Page 1 of 1
live data timeout settings
Posted: Fri May 14, 2021 4:15 pm
by nosajche
Hello,
We are trying to get our Fusion environment to fuse with Nagios XI and pull our Log Server data and we are running into some problems.
We are running RHEL 7.9 (Maipo) on all boxes:
Fusion - v4.1.8
XI - v5.8.1
Log Server - v2.1.7
After successfully fusing the XI boxes (all green check marks for XI Fused servers and Log Server API authentication), we are seeing the following error message constantly in fusion.log:
Code: Select all
[2021-05-14 17:02:41] [SYSTEM] [ERROR]: poll_server() CHECK YOUR LIVE_DATA_TIMEOUT SETTINGS. IT MAY NEED INCREASED
In addition, dberrors.log is constantly growing with the following message:
Code: Select all
Serialization failure: 1213 Deadlock found when trying to get lock; try restarting transaction
We have already adjusted the timeout values and changed the Polling config:
Memory Limit - 1 G
Simultaneous Pollers - 4
Live Data Timeout - 300 seconds
We have some of the data generating in the dashlets but not all of the information-- any ideas on what to troubleshoot?
Thanks.
Re: live data timeout settings
Posted: Tue May 18, 2021 9:54 am
by benjaminsmith
HI,
It looks like the system may be having trouble processing all the incoming data, let's run a few tests to confirm this.
1. If these are large systems, try increasing the polling interval beyond 300 seconds.
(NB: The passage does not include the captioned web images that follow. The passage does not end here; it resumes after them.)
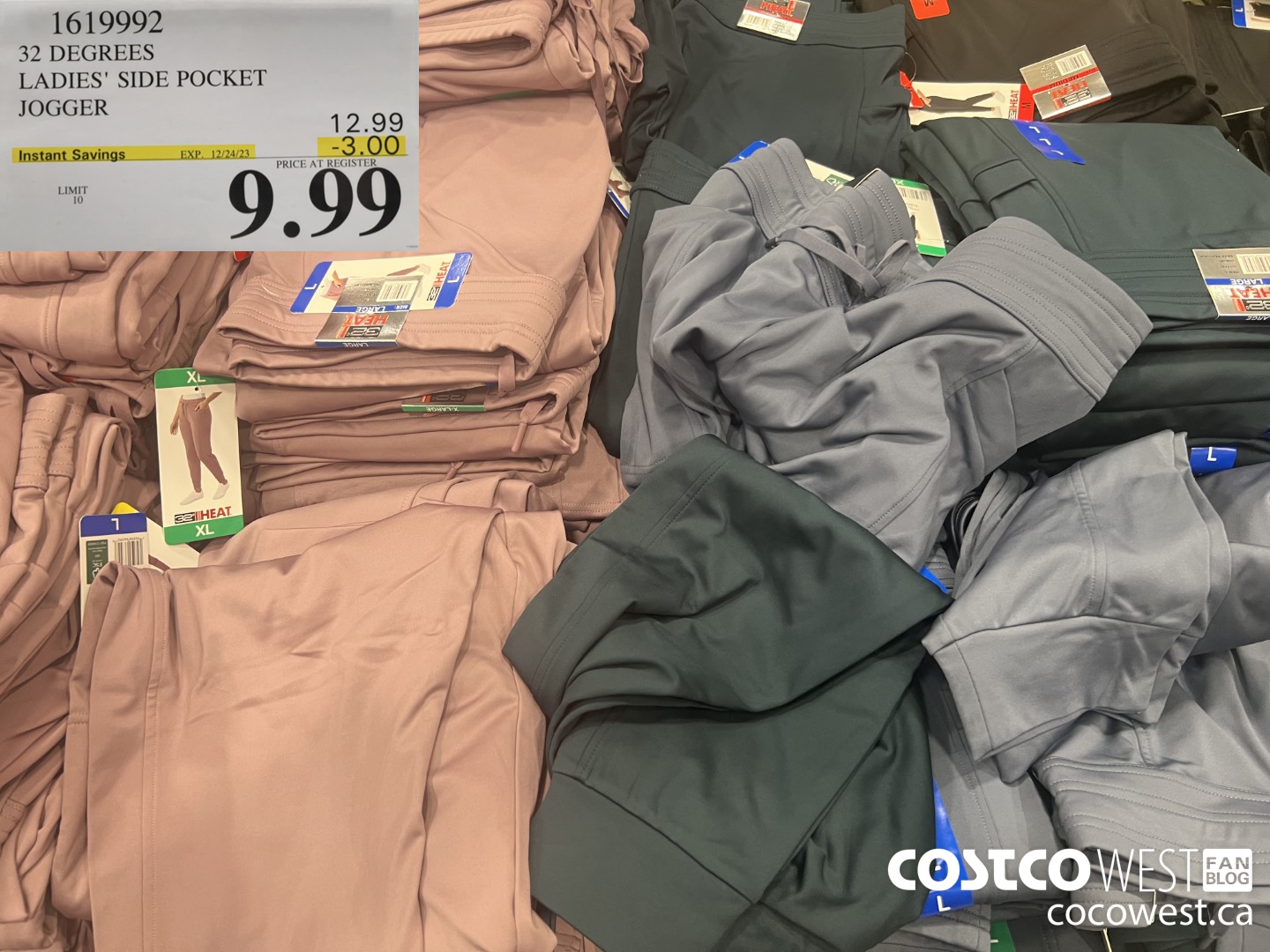 1619992 32 DEGREES LADIES' SIDE POCKET JOGGER ($3.00 INSTANT SAVINGS EXPIRES ON 2023-12-24) $9.99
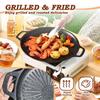 With Handles BBQ Grill Pan Heavy Duty Non-Stick Grill Pan New Round Griddle Pan  For Stove Tops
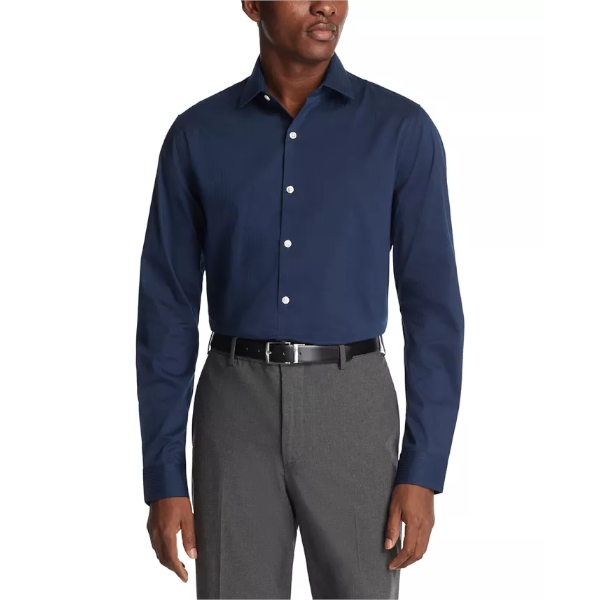 Kenneth Cole Reaction men's slim fit dress shirt for less than $18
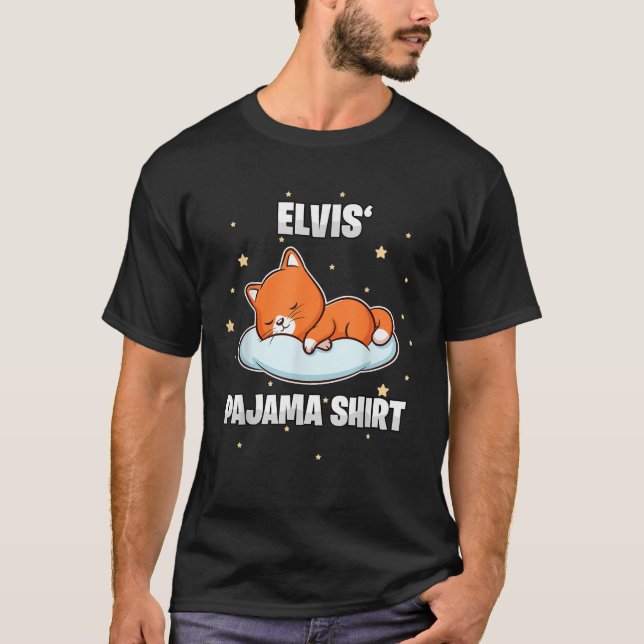 Elvis Pajama Personalized Sleeping  T-Shirt (Vorderseite)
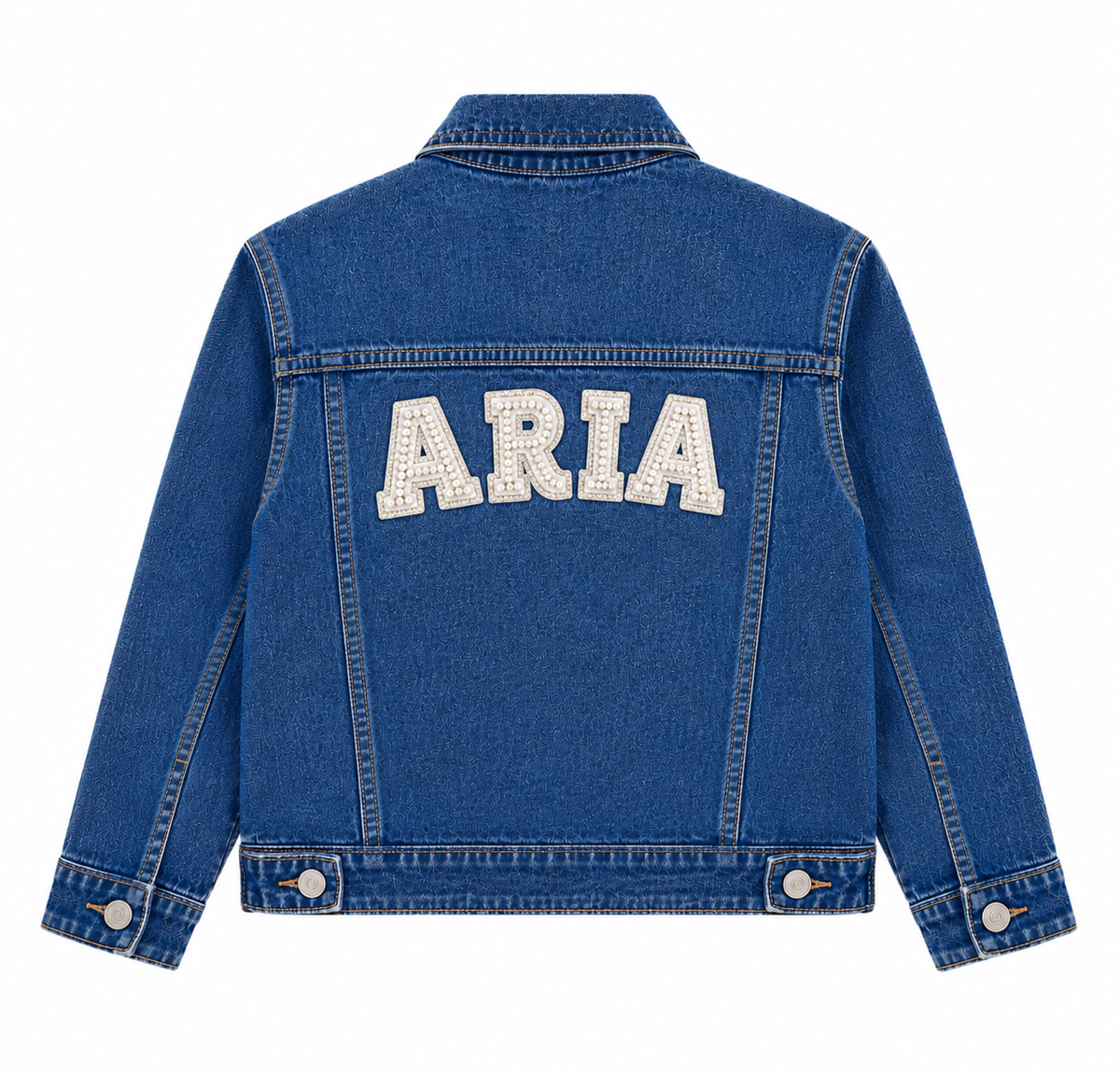Customized Denim Jacket – Girls (Blue)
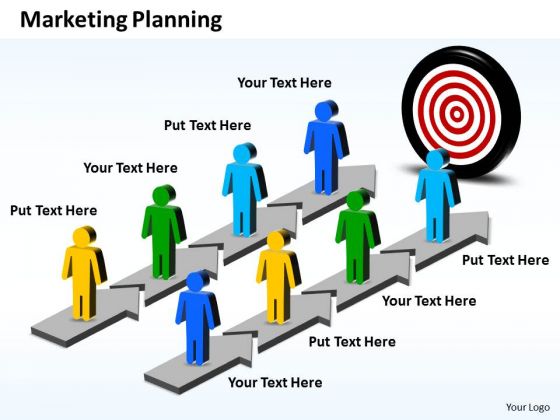 Ppt Parallel PowerPoint Slide Numbers Showing Marketing Planning Business Templates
You can set this value globally or on a per-server basis.
2. For testing purposes, try taking the
Live Data Timeout setting, to a very large number (600) to see if that resolves the error message in the fusion log.
3. Try to truncate the polled data from the table so the server will start over with fresh data. Run this as root.
Code: Select all
cd /usr/local/nagiosfusion/scripts
./truncate_polled.php
This will remove all of the temporary data that is used in the Fusion interface so you will have to wait until the next time a poll happens for updated data.
Lastly, double-check the disk space on this server, just to rule that out.
Regards,
Benjamin
Re: live data timeout settings
Posted: Wed Jun 02, 2021 10:12 am
by nosajche
Hi Benjamin,
I've adjusted the polling interval for the larger servers to 600 seconds, the timeout to 600 seconds and ran the truncate_polled.php script but am still receiving the same errors re: data timeout.
Disk space is also not an issue, definitely plenty of that to go around.
Also looking at other threads, I tried the CURL command using the fuse key on the largest XI server and the CURL command completes in pretty good time:
Code: Select all
real 0m14.211s
user 0m0.096s
sys 0m0.179s
[1]- Done time curl -k -XGET https://nagiosxihost.org/nagiosxi/api/v1/objects/servicestatus?fusekey=<FUSEKEY>
[3]+ Done user=nagiosadmin
Any other logs or anything else I can check on?
Thanks,
Jason
Re: live data timeout settings
Posted: Wed Jun 02, 2021 5:02 pm
by ssax
Please reboot the fusion server to kill off any old processes, then when it comes back up, please go to Admin > and click the gear icon to clear the polling locks.
Attach this file as well:
Send a screenshot of your settings in Admin > System Settings > Data & Polling.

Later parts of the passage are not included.